I find this interesting.Seems like every yr they tell us we are planting more acres lately.



> back to the U.S. - according to USDA, another surprising fact is that total crop land in the U.S. has decreased by 34 million acres between 2002 and 2007. That is the lowest level of crop land in 65 years.
> 
> Wait a minute - I thought we were cutting down the trees and plowing up the fields to grow corn for ethanol. The fact is that ethanol production has not resulted in expansion of crop acres at all. In addition, acres of grass land, pasture, and forest land has increased.


----------



## Vol (Jul 5, 2009)

swmnhay said:


> I find this interesting.Seems like every yr they tell us we are planting more acres lately.


Yeah, I was thinking the exact same.
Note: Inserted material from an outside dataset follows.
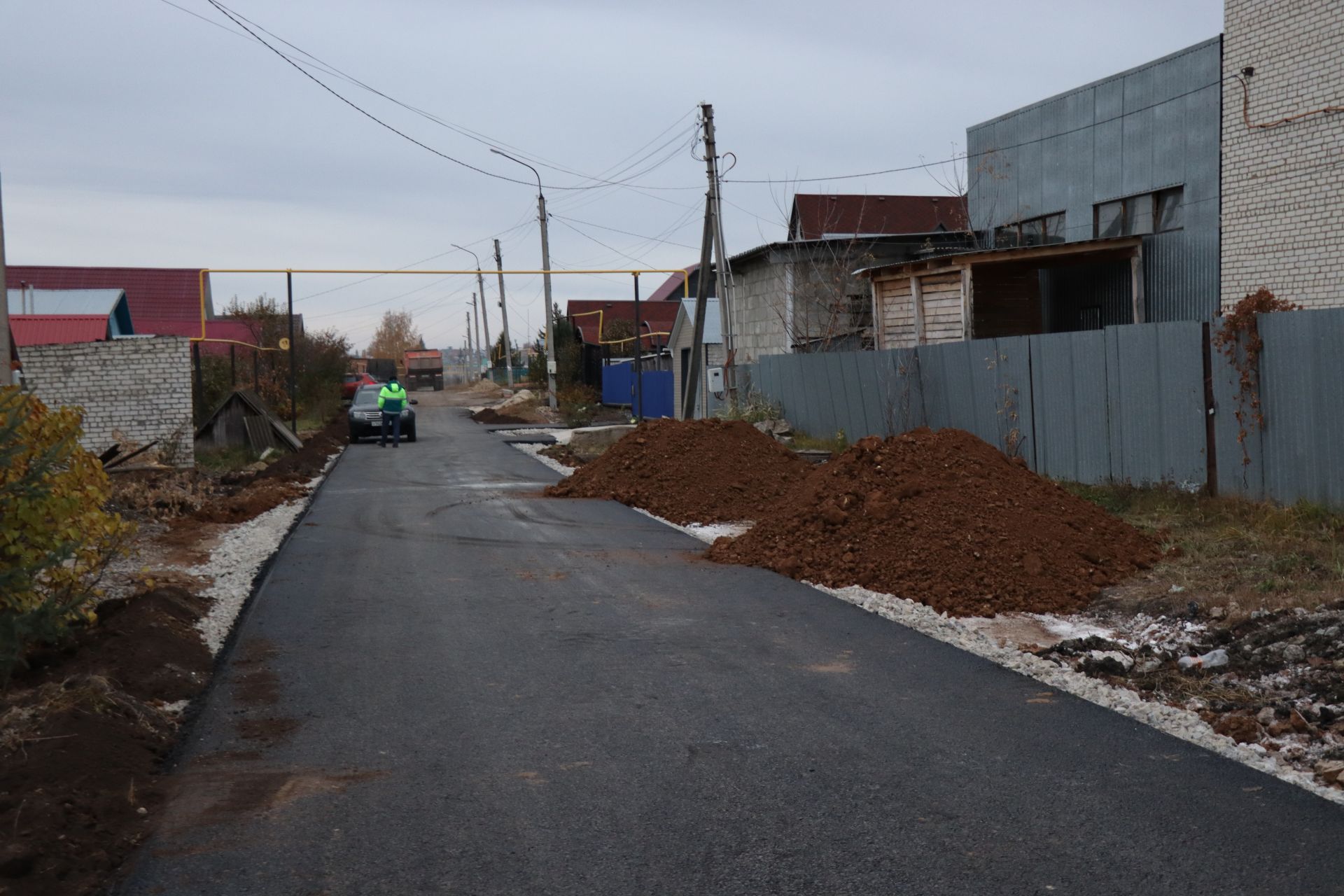 Глава Нурлатского района ознакомился с качеством дорожных работ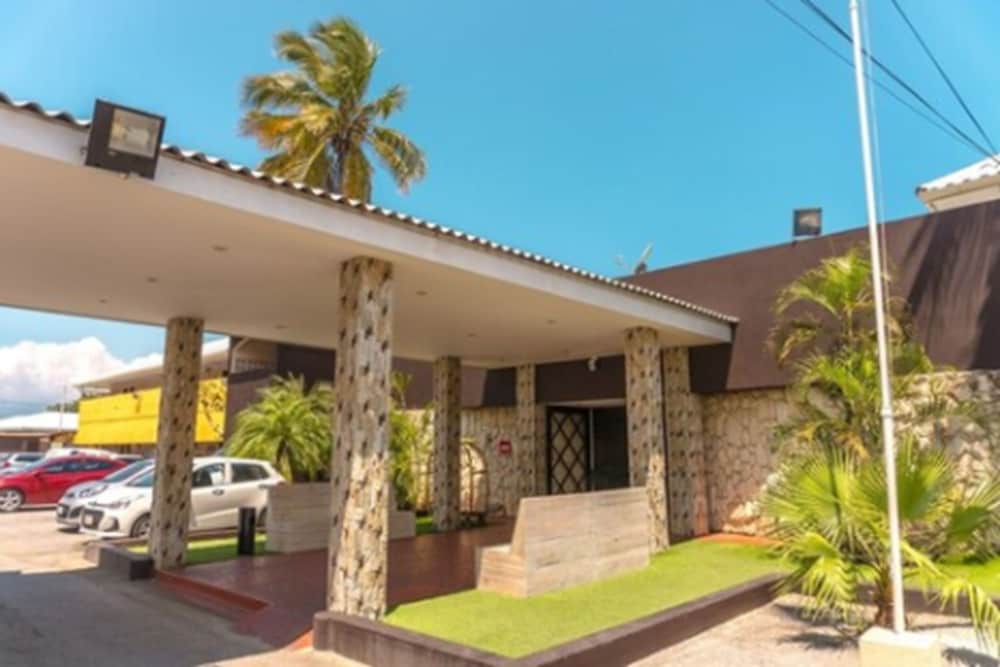 Curacao Airport Hotel 4/50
Block tells it like it is...... doesn't say alot for the current ag administrators. Common sense tells us that we are constantly losing ag land and we don't need the bean counters to tell us that fact. Croppers are just so much more productive with our access to hi-tech machinery, hybrids, and general farming methods. We utilize our fertilizers so much more effectively......was reading today about the national dairy farmer of the year.....from TN about an hour from my place. He is implementing a manure recovery system that lets him separate the solids and utilize on the farm(over 1000 milkers) and now he wont have to buy ANY fertilizer. Government needs to look at the Ag sector to learn how to operate more efficiently with less like WE do. Ag people in this country need to get government completely out of Ag and let us completely operate on our own.....create our own crop ins. co's, etc. Government just complicates the whole process. Whew.....dont get me started.









Regards, Mike


----------



## steve IN (Jan 13, 2010)

Never was a big fan of "John-Boy". Back in school in our ag class we learned that while he was preachingto cut our surpluses his son was using funding from FmHA to0 expand the home farm and also buying up foreclosed farm land. I will agree with you that we need less government interference. The idea of less land is misleading. In the US we are farming less acres but all over the world other nations along with US companies(Cargill,ADM and Monsanto along with others) are helping to expand acres in South America, Southern Africa and the former Soviet Union. So yes there are more acres coming online every year.


----------



## Mike120 (May 4, 2009)

The more interesting issue is the "urban sprawl" reference. We now have a huge population that is totally dependent on the local grocery store to survive and the grocery stores are pretty dependent on imported food to feed them. That totally dependent population is driving the push for more government interventation in the food supply.


----------